Update: Japan one step closer to signing Hague Convention treaty

By May 26, 2011October 7th, 2020Family Law

On behalf of The Marks Law Firm, L.L.C. posted in Family Law on Thursday, May 26, 2011

In March, our blog wrote about the challenges facing American fathers fighting against the Japanese legal system for their child custody and visitation rights. Japan has a notorious reputation among family law experts for protecting its citizens even if they are acting in direct violation of another nation’s custody laws. For American parents whose Japanese ex-spouses or coparents illegally abducted their children to the Asian nation, there is often little hope for justice.

Earlier this month, however, the Japanese Cabinet endorsed a plan which would lead the nation to modify its international child custody policies.
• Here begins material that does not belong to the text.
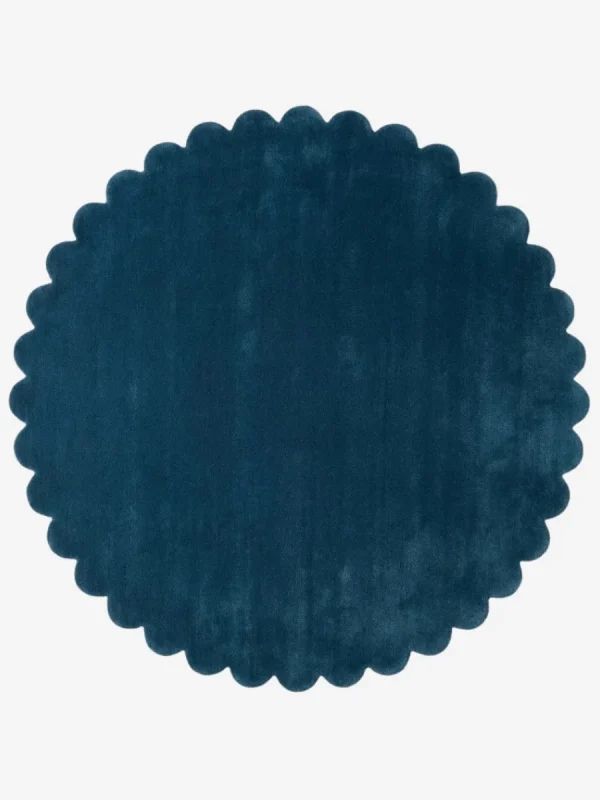 Top down flat lay of the Deepstone round wool rug showing the rich navy blue color and scalloped border.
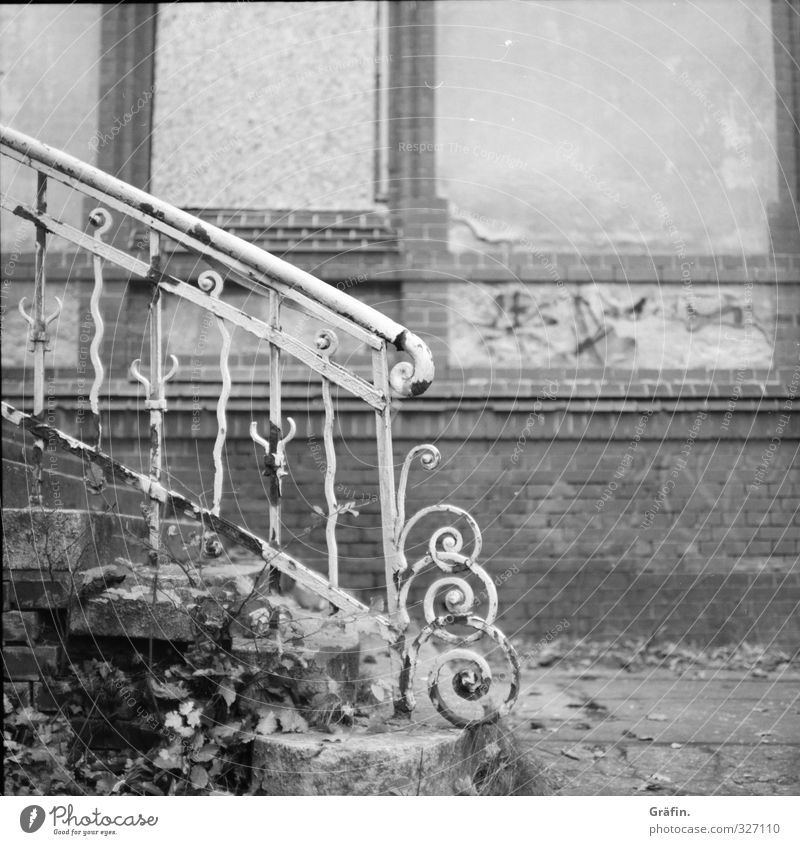 forgotten places Building Stairs Facade Metal Old Historic Broken Gray Black White Loneliness Nostalgia Decline Transience Black & white photo Exterior shot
The Hague Convention-created in 1980-requires participating nations to respect custody decisions created in a child’s birth country. It also attempts to ensure that the rights of both a child’s parents are considered equal under international abduction laws.
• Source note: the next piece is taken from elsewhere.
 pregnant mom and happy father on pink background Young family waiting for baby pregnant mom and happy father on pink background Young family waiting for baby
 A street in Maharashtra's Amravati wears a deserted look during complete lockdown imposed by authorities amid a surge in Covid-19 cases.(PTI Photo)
Many advocates are ecstatic over the development, believing that this endorsement will set Japan on the fast track to officially approving the convention. However, other observers remain skeptical. The Associated Press interviewed one American professor living in Tokyo who claims that the move may be largely superficial. The Japanese parliament will still need to approve the Cabinet’s endorsement before the nation can join the international treaty.
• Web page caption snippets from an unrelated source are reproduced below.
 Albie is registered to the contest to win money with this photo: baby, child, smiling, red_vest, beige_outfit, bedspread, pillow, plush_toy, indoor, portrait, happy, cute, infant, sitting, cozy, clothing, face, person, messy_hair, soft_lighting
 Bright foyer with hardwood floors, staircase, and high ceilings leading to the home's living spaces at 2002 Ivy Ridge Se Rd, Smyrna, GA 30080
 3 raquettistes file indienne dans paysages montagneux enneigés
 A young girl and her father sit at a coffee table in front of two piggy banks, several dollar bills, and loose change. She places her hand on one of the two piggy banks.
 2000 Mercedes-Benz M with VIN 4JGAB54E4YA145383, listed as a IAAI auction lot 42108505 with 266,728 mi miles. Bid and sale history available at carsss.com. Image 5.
Statistics from the US State Department emphasize the importance of this issue to many American families. As of January 2011, there were 100 active Japanese international abduction cases in the State Department’s databases. Over the past several decades, thousands of cases have come under the department’s radar. If Japan decides to join the Hague Convention, the likelihood of these cases coming to a resolution increases dramatically.